- WHAT YOU HAVE TO DO: Only the lines below between the one holding "Stellar XLM Christmas Ornament (Vorne)" and the one holding "THEORIES OF ATLANTIS", inclusive, are to be reproduced word for word; the pictures are to be left out.

- SOURCE DATA:

┌────────

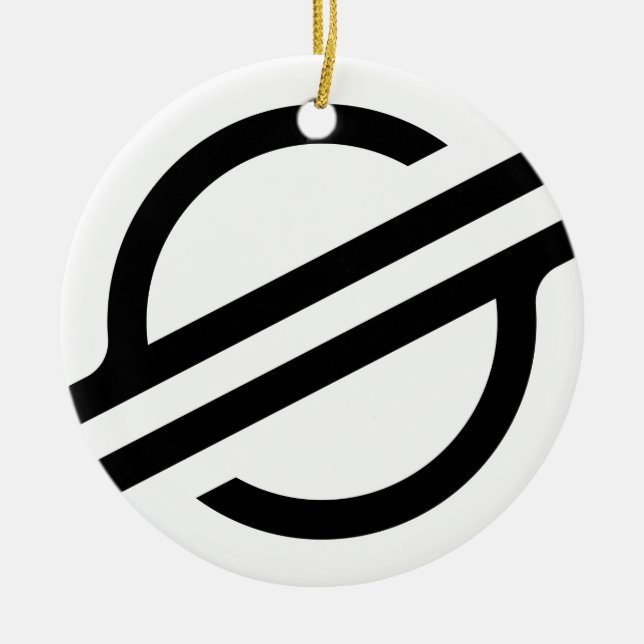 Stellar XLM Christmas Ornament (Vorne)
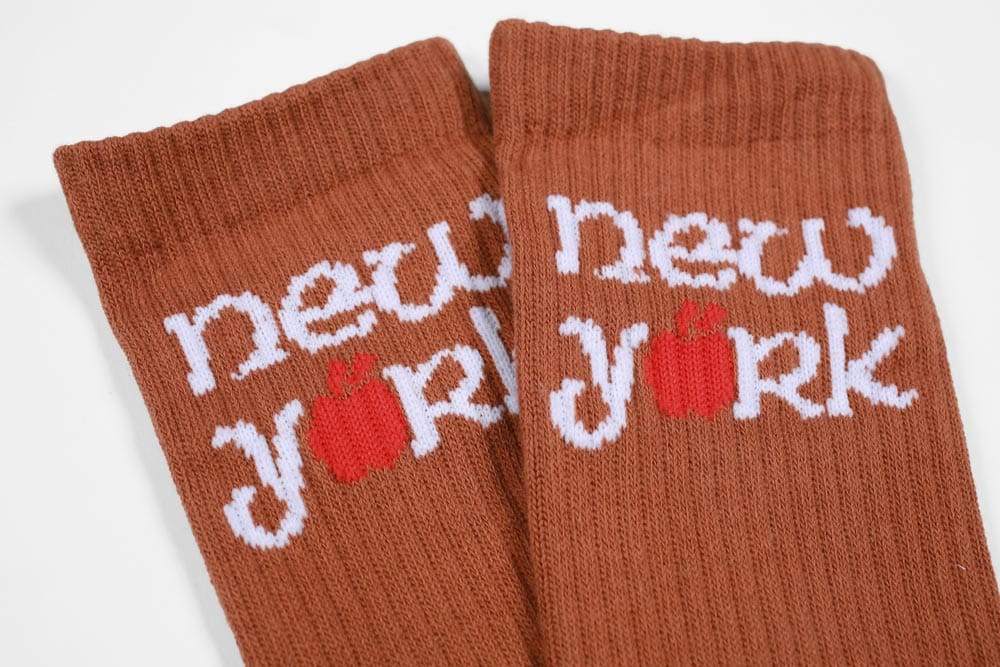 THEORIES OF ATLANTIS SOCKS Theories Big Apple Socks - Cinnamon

└────────
┌────────

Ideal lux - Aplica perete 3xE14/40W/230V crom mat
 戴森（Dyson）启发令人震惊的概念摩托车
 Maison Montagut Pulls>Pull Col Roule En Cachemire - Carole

└────────

- TASK ANSWER:
 Stellar XLM Christmas Ornament (Vorne)
 THEORIES OF ATLANTIS SOCKS Theories Big Apple Socks - Cinnamon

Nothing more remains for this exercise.